__Extracted entries__.
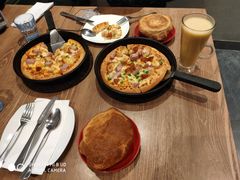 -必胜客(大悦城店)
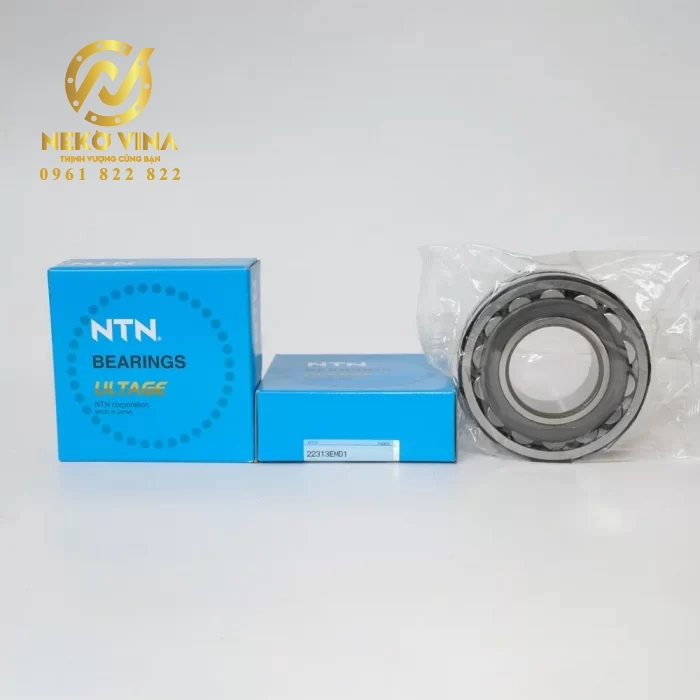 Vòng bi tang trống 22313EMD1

* * *

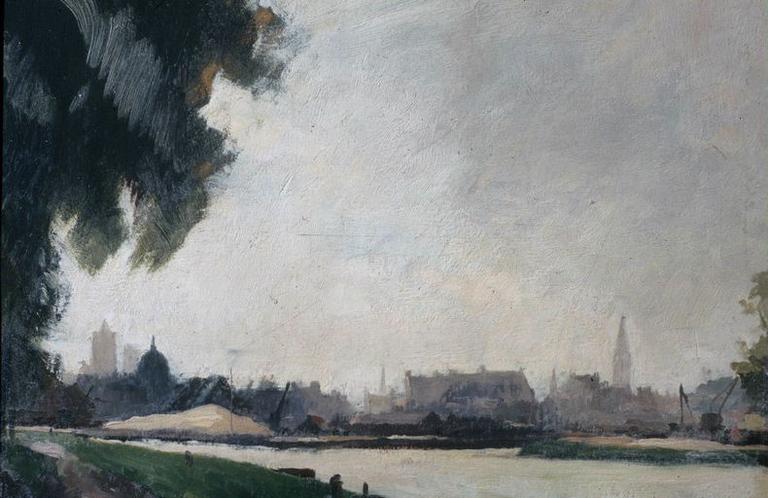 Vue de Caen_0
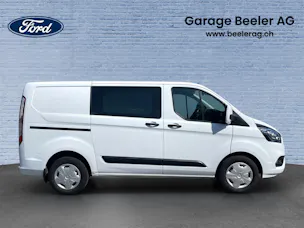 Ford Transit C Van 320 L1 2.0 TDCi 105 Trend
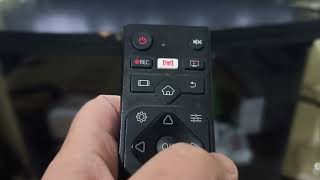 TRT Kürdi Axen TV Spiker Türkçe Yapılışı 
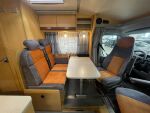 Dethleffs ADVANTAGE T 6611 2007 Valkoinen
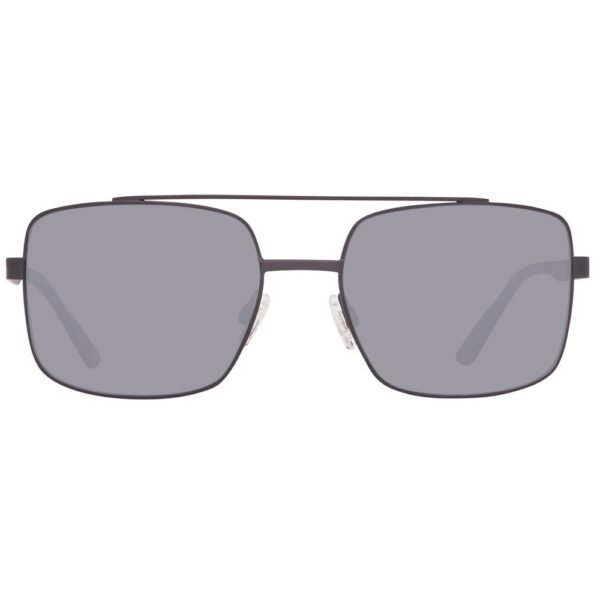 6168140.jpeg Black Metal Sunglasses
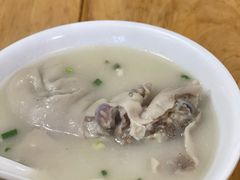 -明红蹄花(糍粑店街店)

__What the task asks__.
Once the line with "Dethleffs ADVANTAGE T 6611 2007 Valkoinen" is found above, print it and every line after it through the line with "-明红蹄花(糍粑店街店)", exactly. Pictures stay out.

__Result of this exercise__.
 Dethleffs ADVANTAGE T 6611 2007 Valkoinen
 6168140.jpeg Black Metal Sunglasses
 -明红蹄花(糍粑店街店)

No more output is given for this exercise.